**Entries supplied:**
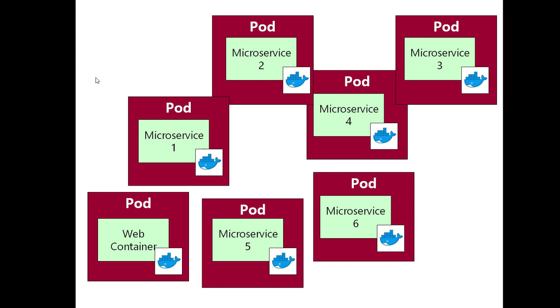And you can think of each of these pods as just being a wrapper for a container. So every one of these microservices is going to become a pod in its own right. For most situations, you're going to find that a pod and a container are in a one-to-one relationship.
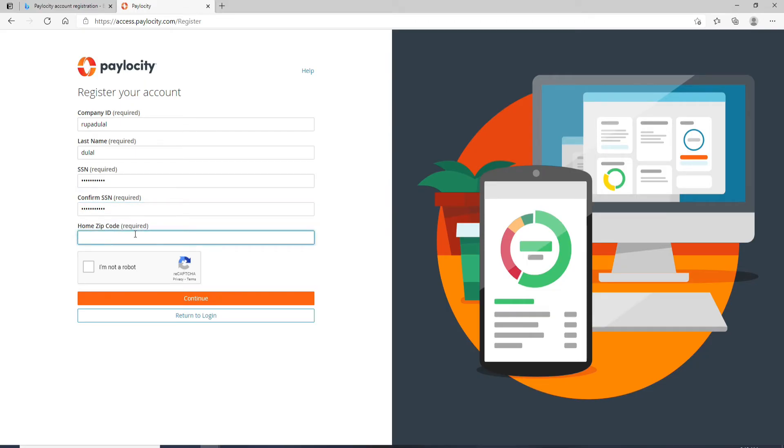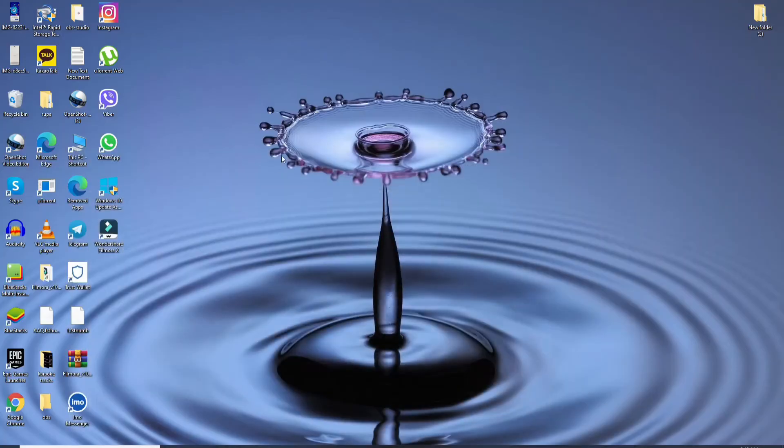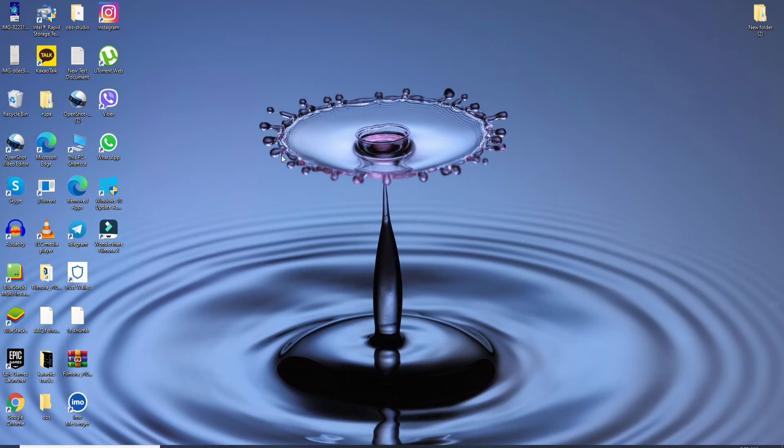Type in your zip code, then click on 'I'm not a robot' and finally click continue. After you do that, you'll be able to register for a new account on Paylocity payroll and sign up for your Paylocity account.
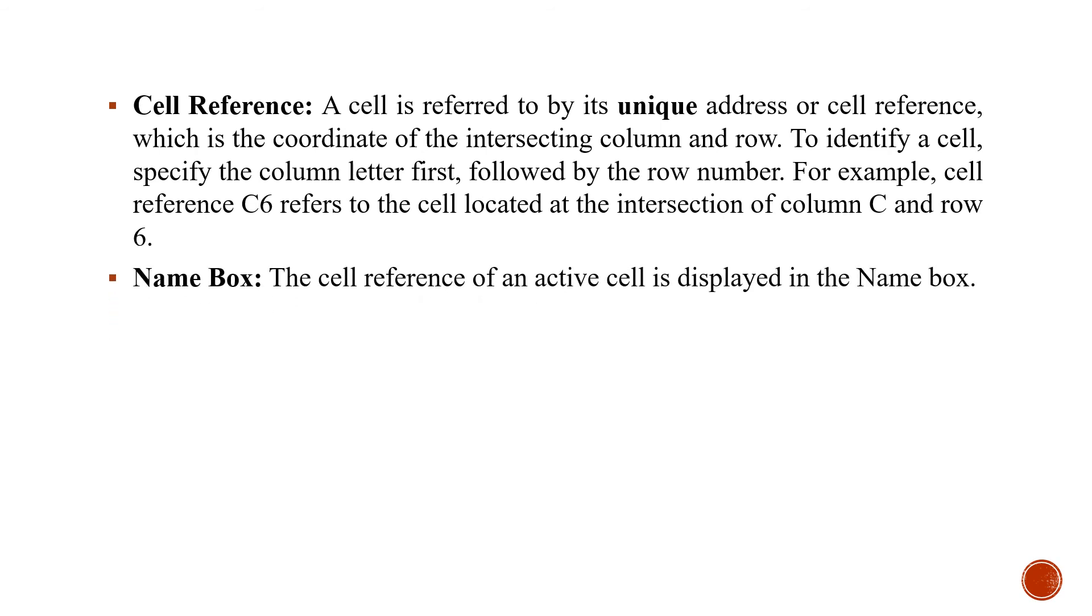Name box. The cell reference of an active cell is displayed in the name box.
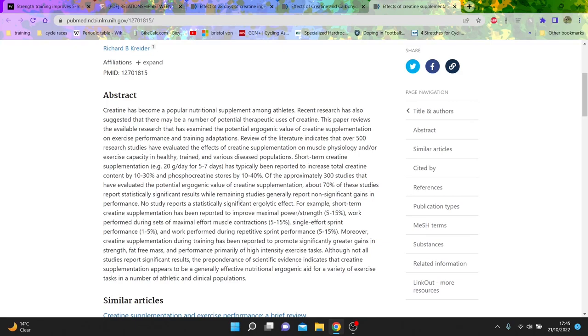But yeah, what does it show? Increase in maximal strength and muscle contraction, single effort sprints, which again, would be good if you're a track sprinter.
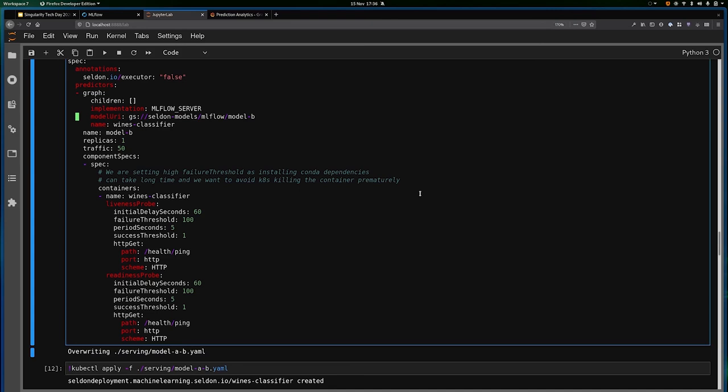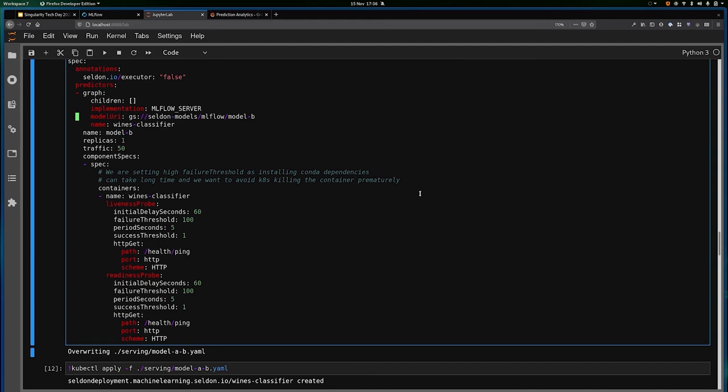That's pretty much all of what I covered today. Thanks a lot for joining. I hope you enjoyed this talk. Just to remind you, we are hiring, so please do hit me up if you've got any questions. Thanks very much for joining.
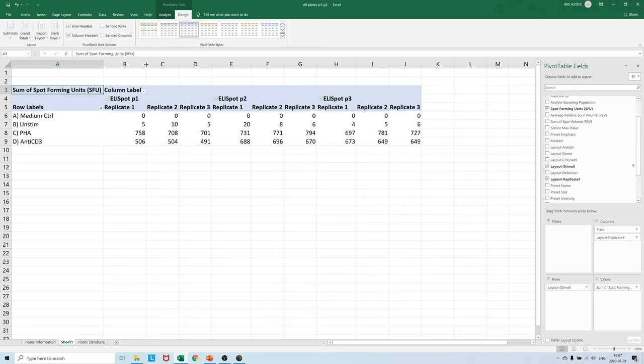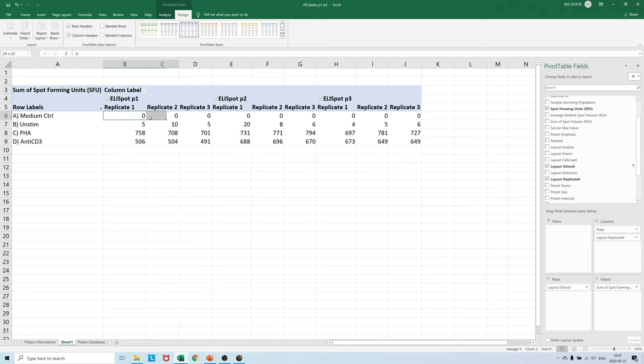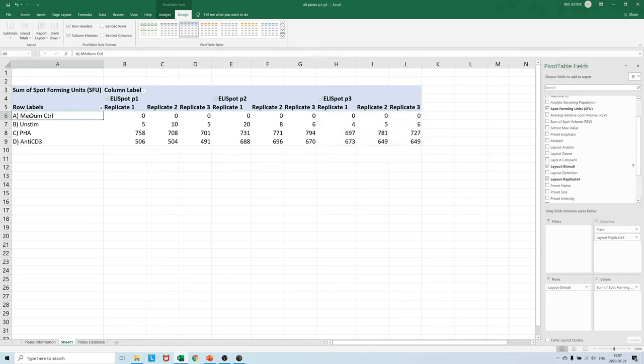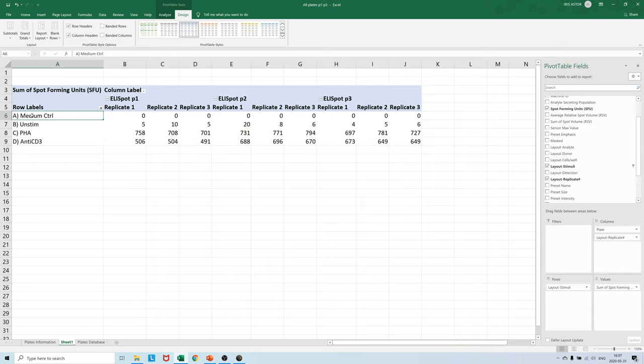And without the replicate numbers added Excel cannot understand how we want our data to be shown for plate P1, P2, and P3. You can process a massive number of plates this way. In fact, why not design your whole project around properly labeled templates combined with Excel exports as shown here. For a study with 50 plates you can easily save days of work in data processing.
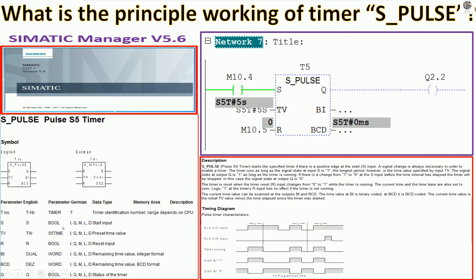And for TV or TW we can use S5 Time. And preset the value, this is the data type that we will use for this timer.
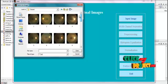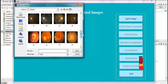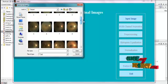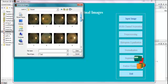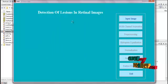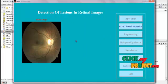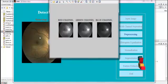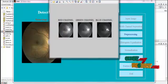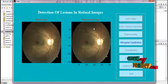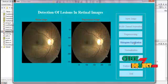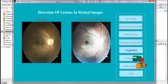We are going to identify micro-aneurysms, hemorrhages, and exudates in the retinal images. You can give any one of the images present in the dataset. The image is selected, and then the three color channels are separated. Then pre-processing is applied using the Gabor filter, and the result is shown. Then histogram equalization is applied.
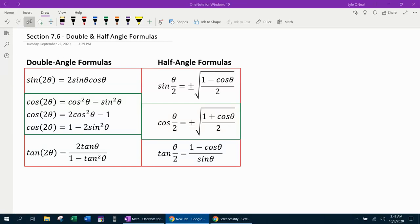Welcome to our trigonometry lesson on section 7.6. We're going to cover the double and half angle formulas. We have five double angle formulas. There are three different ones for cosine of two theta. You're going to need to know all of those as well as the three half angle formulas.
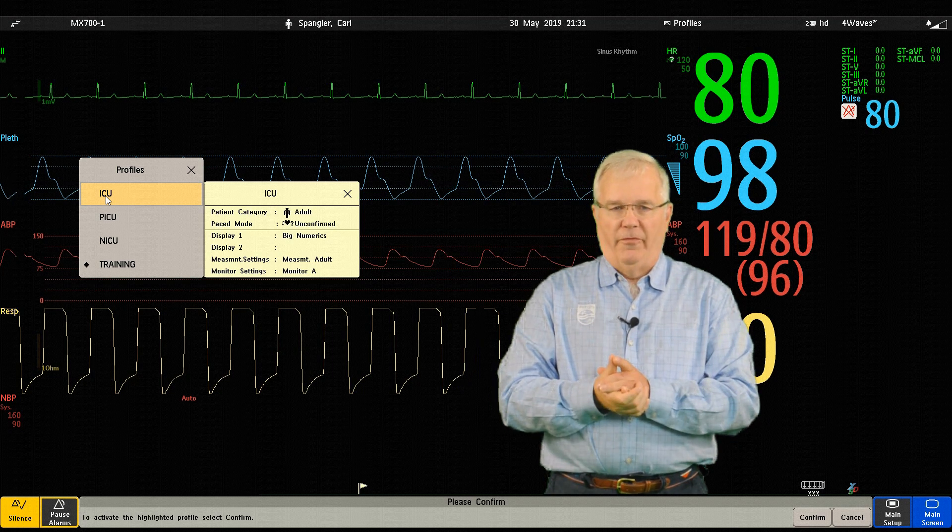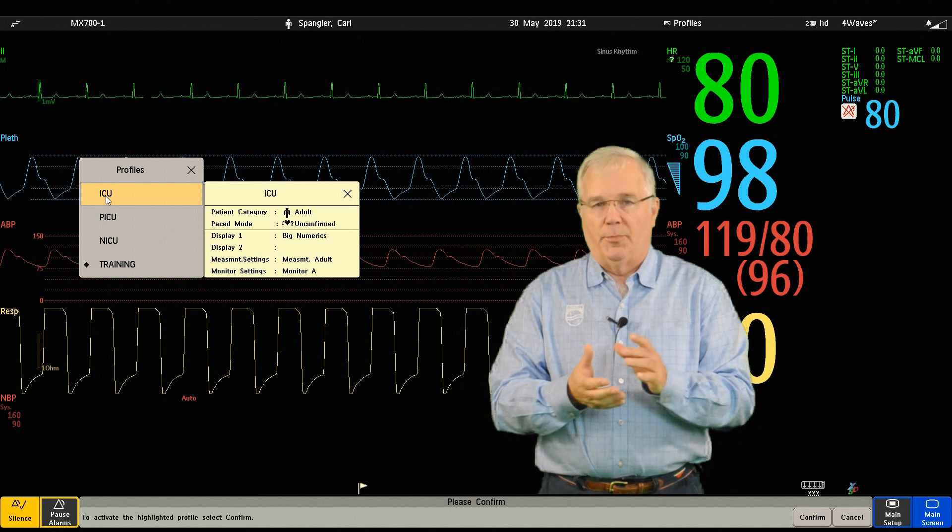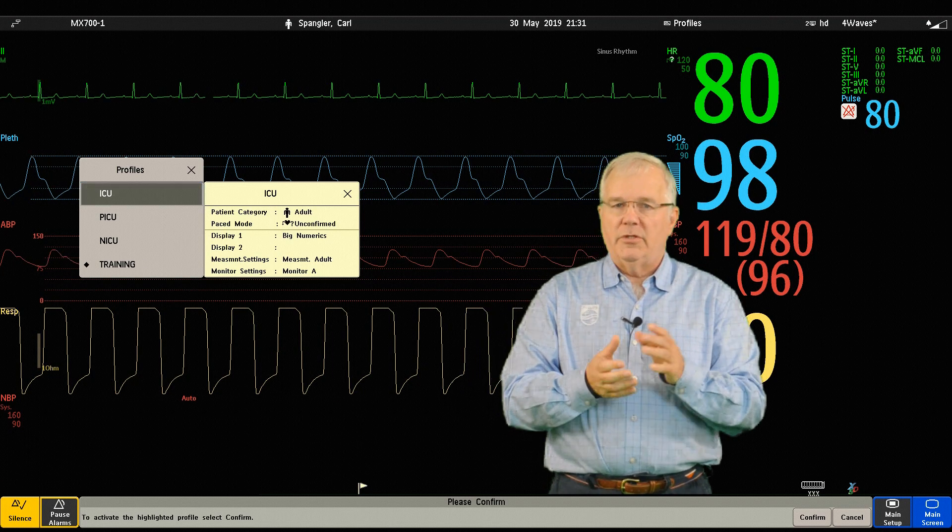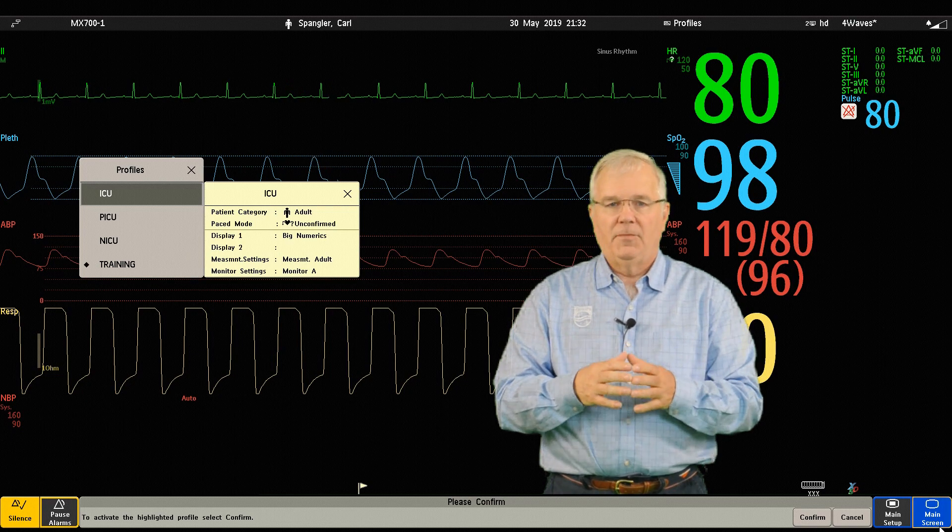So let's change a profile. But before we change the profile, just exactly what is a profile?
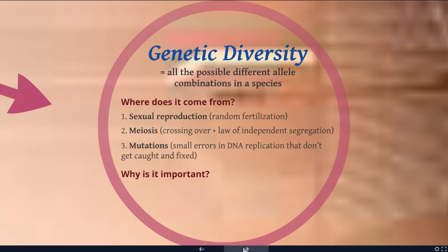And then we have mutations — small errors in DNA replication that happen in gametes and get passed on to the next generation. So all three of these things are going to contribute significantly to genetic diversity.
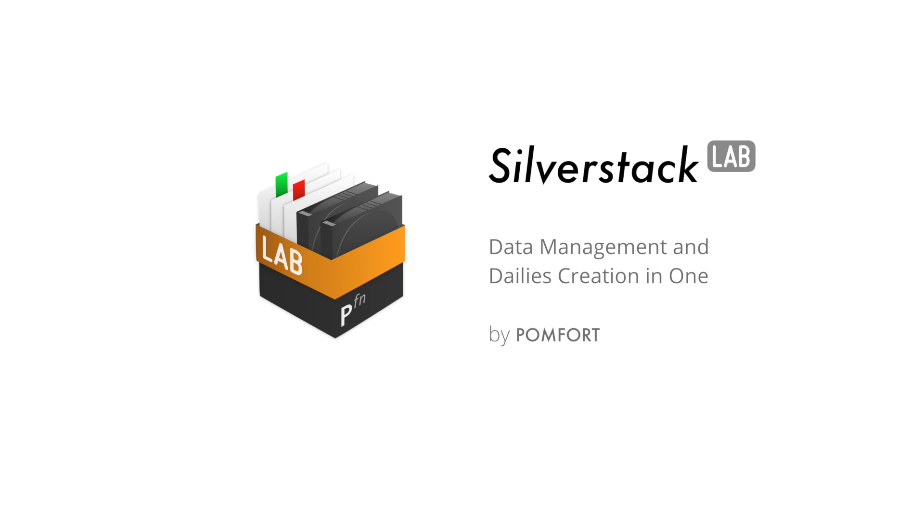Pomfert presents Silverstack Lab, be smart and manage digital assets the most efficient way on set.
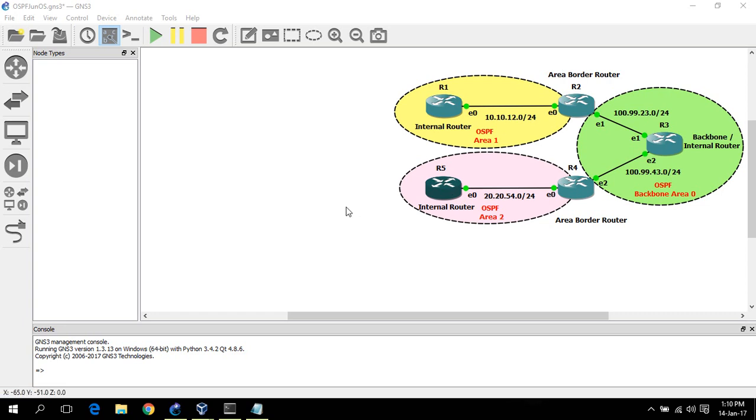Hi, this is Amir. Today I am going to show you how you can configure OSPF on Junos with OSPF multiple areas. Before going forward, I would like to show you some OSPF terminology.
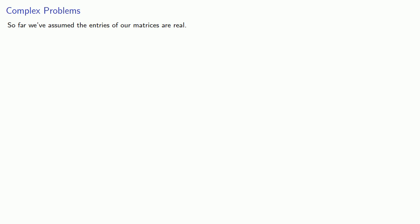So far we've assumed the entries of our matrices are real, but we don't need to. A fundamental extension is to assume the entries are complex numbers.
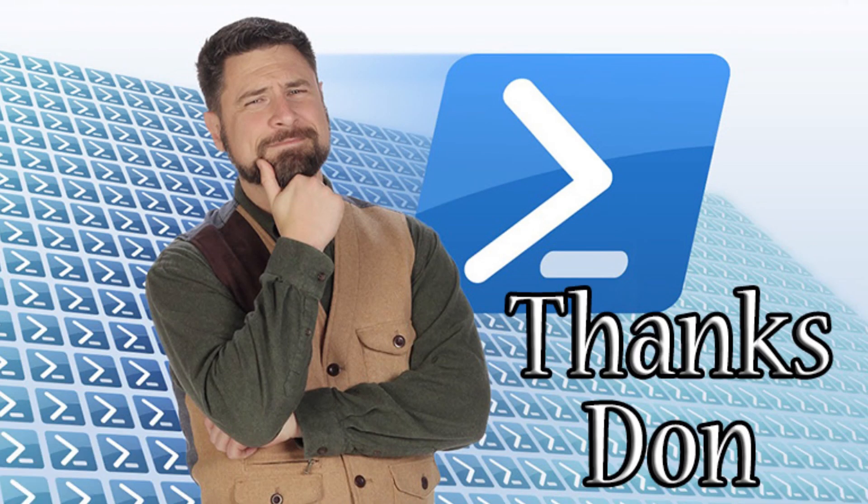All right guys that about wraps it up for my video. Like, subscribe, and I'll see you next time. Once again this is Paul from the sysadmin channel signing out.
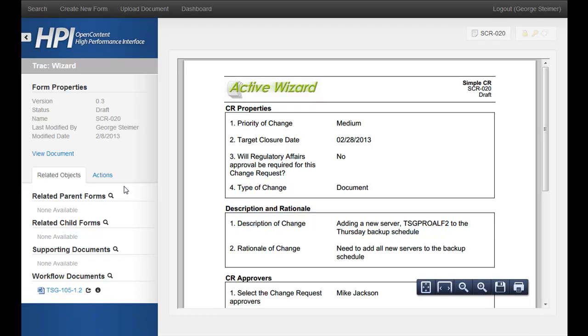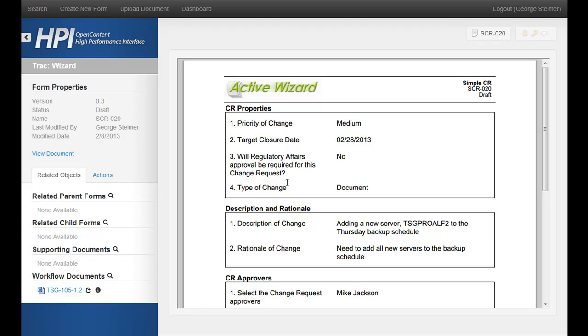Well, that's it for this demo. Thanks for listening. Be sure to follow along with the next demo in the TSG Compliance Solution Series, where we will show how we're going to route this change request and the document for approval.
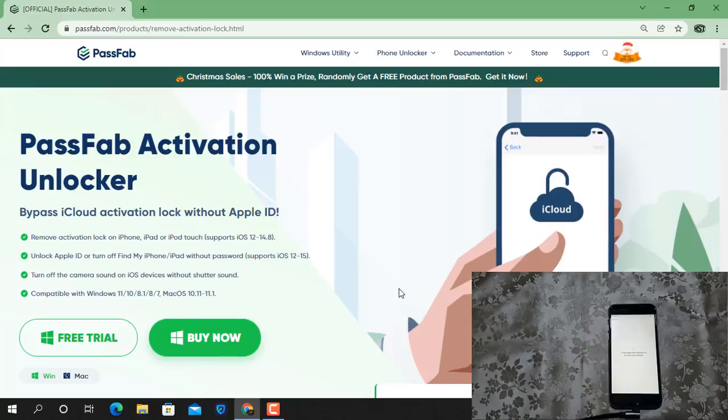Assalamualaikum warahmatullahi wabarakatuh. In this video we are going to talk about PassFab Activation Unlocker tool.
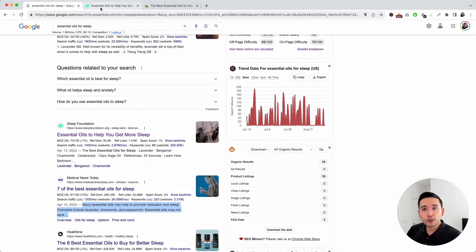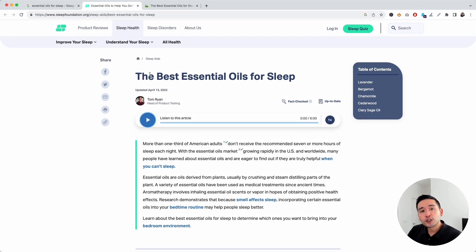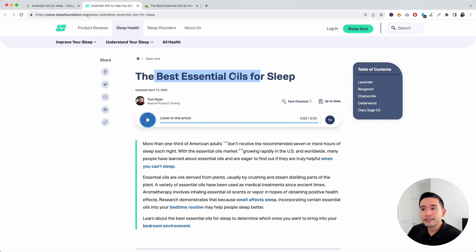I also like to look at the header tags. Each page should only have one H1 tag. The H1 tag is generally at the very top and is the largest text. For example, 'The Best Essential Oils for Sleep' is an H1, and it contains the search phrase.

**Task:** In the data above, find the line containing "Welcome to our" and the line containing "And then we". Copy exactly the stretch from the first through the second, both included, leaving out any picture.

**Reply:**
Welcome to our trigonometry lesson on section 7.6. We're going to cover the double and half angle formulas. We have five double angle formulas. There are three different ones for cosine of two theta. You're going to need to know all of those as well as the three half angle formulas.
So let's change a profile. But before we change the profile, just exactly what is a profile?
And then we have mutations — small errors in DNA replication that happen in gametes and get passed on to the next generation. So all three of these things are going to contribute significantly to genetic diversity.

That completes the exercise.